Posto che l’Italia è abbastanza indietro, cosa cambia nel modo di vedere l’hockey all’estero? Tra l’altro tu sei stato negli USA e in Finlandia, due Paesi che masticano hockey quotidianamente
“In Italia i costi di gestione dei palazzetti sono folli e lo Stato, eccezion fatta credo per le Regioni a statuto speciale come Valle d’Aosta e Trentino Alto Adige, non incentiva le società. Mio padre, ad esempio, allenava una piccola realtà amatoriale a Bologna che oggi non esiste più; bisogna fare un plauso a tutte quelle realtà che vanno avanti con enormi sacrifici. La Federazione, poi, dovrebbe investire molto di più sulla formazione di tecnici e giocatori: non è un caso che già in IHL ci siano tanti allenatori stranieri, mentre la maggior parte dei giocatori arrivano al punto in cui o vanno all’estero o smettono di giocare. Crescere si può, basta volerlo”.

Torniamo al campionato. Mastini a riposo, qual è il tuo pronostico per Alleghe-Pergine e Caldaro-Appiano?
“Spero palesemente che vinca l’Alleghe perché sarebbe bello chiudere al primo posto, anche perché abbiamo più di qualche rimpianto per la sconfitta contro il Pergine: è stata una partita stranissima, una delle più belle che abbiamo giocato, eppure l’abbiamo persa. Anche lì, però, colpa nostra: con una squadra del genere non puoi permetterti di stare sull’1-0. Per il derby altoatesino dico Caldaro: sarà poi bello chiudere la stagione contro di loro sabato sera”.

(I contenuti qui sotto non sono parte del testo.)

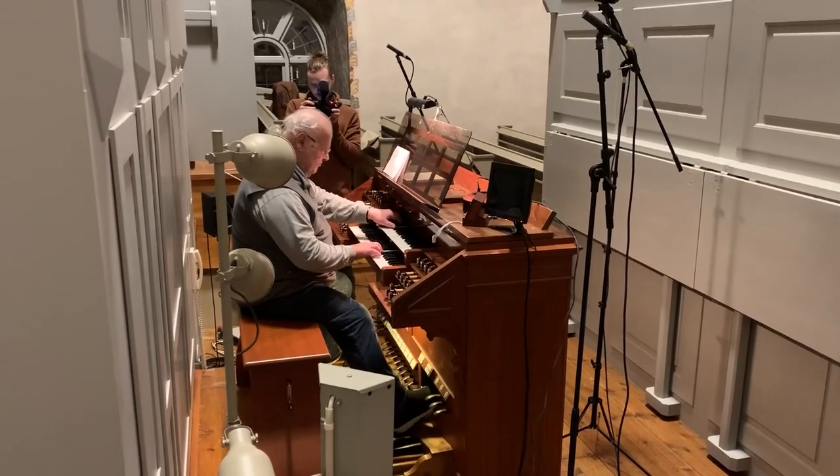For me, I absolutely adore this instrument. It really feels like sitting there.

Chiudiamo con la tradizionale domanda sui tifosi: hai detto che ti sei subito sentito accolto, qual è il ricordo più bello fin qui?

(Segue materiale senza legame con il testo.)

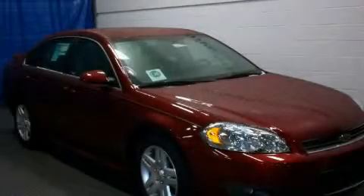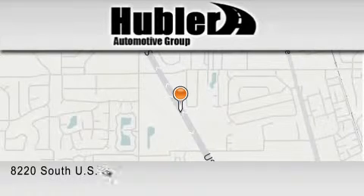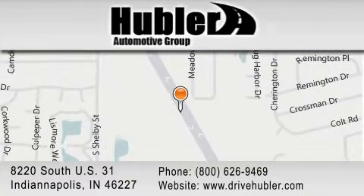Contact us today to arrange your test drive. Hubler Chevrolet is located at 8220 South US 31 in Indianapolis. Our goal is to exceed all of your expectations to ensure that you'll return for future visits.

“Non posso dirne uno, perché la tifoseria varesina è davvero unica in ogni frangente: anche quando perdi e li trovi fuori dal palazzetto o al bar non ti fanno mai pesare nulla, ma sanno sempre trovare le parole giuste. L’ultima trasferta è stata importante per motivi personali e mi ha fatto capire i valori umani che questo pubblico si porta dentro: anche per questo voglio riuscire insieme alla squadra a ripagarli con la vittoria del campionato”.